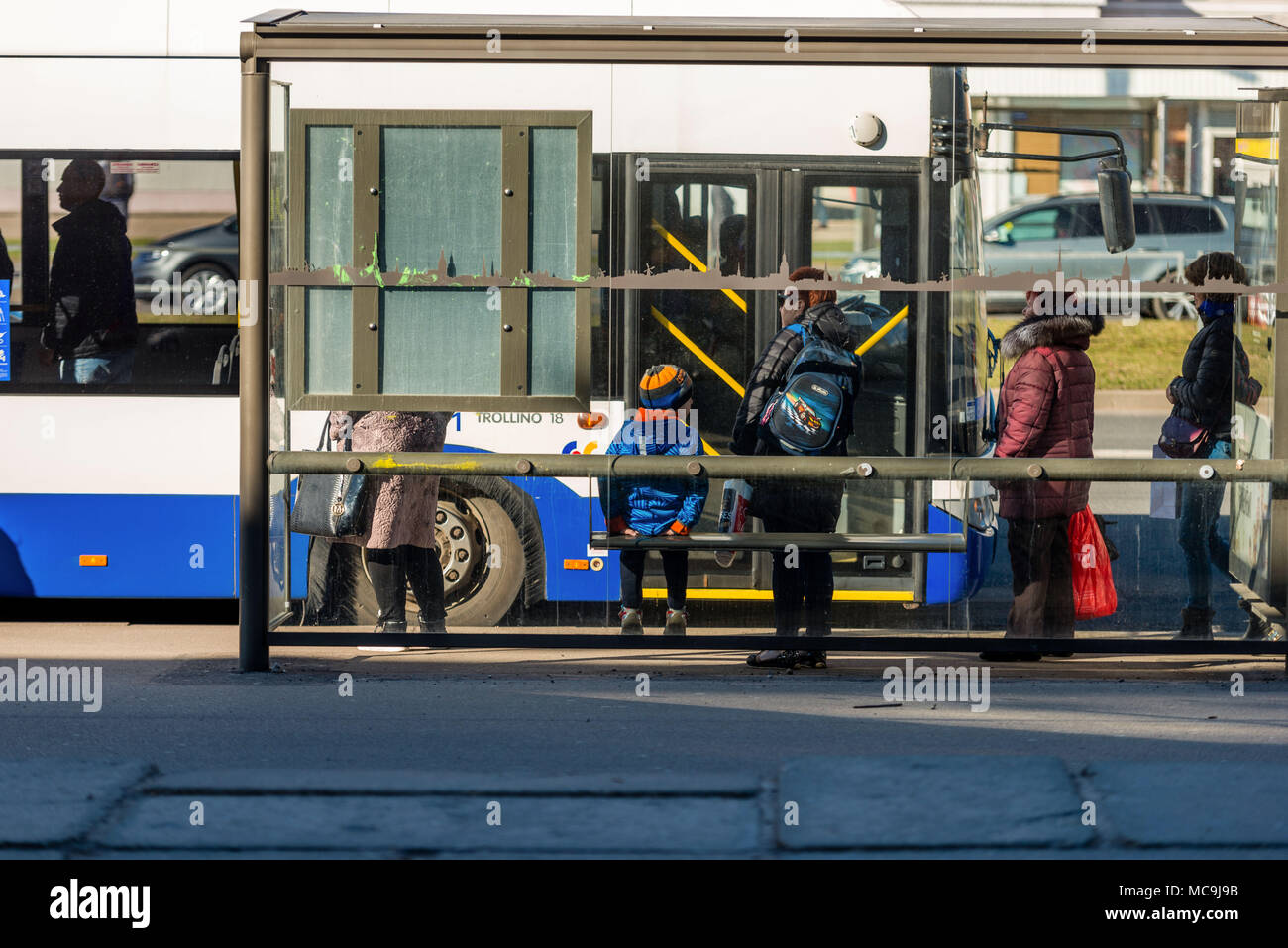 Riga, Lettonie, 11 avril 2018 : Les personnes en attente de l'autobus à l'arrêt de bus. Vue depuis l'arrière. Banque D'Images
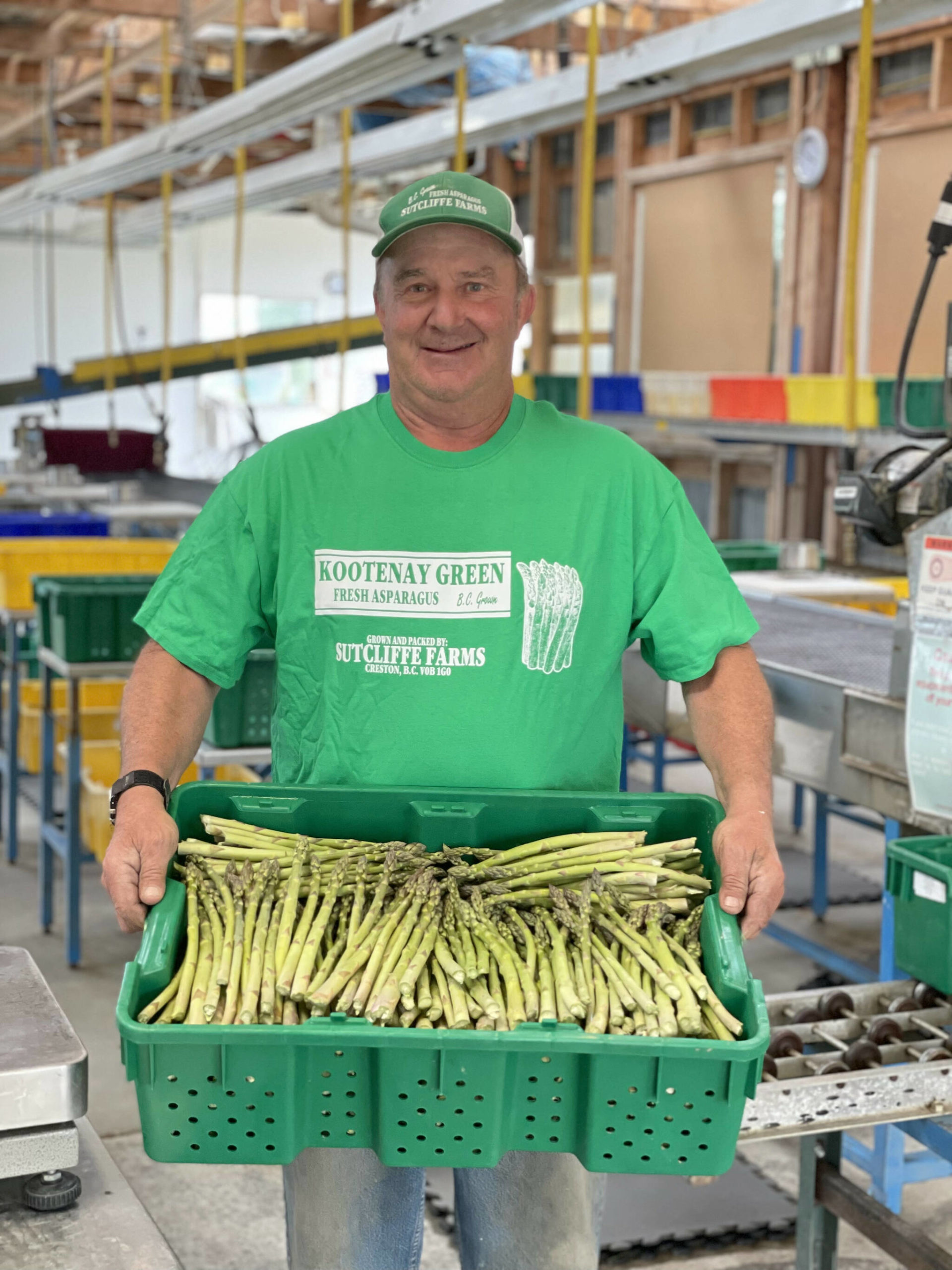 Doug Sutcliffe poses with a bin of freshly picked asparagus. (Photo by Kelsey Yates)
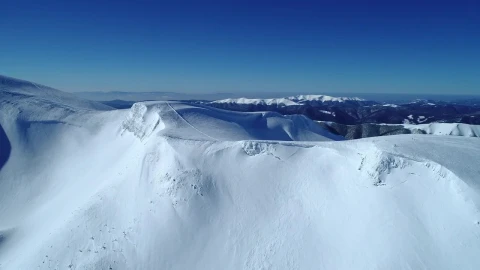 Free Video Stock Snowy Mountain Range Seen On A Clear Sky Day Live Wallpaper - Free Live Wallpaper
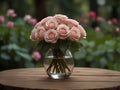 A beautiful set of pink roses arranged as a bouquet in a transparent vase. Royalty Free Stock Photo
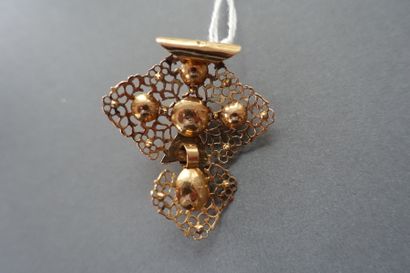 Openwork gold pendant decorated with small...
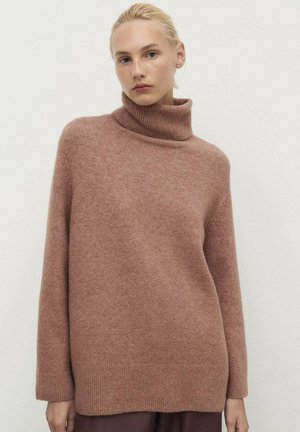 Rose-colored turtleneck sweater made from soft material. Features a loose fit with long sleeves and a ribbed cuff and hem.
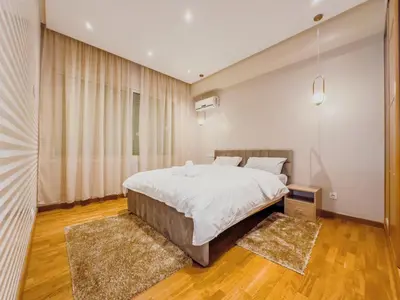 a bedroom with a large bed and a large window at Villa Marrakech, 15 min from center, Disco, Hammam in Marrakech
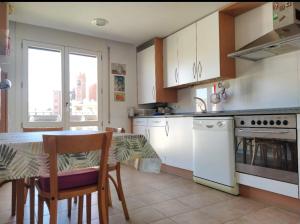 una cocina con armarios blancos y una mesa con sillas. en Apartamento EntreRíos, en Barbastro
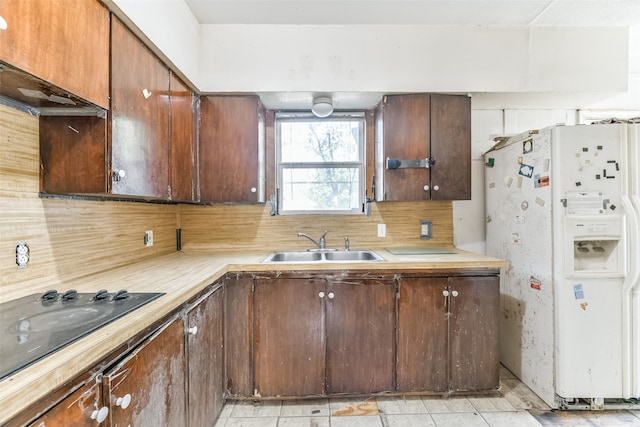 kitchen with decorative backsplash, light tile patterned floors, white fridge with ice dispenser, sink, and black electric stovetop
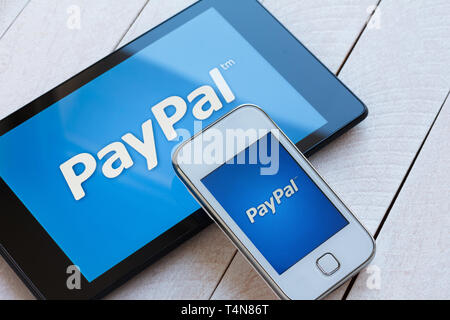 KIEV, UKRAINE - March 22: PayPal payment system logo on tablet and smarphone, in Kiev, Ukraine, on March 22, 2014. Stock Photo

- ABOUT THIS TASK
Write out the lines above from the one with "Doug Sutcliffe poses" through the one with "Openwork gold pendant", ends included, exactly; no picture goes in.

- TASK RESPONSE
 Doug Sutcliffe poses with a bin of freshly picked asparagus. (Photo by Kelsey Yates)
 Free Video Stock Snowy Mountain Range Seen On A Clear Sky Day Live Wallpaper - Free Live Wallpaper
 A beautiful set of pink roses arranged as a bouquet in a transparent vase. Royalty Free Stock Photo
 Openwork gold pendant decorated with small...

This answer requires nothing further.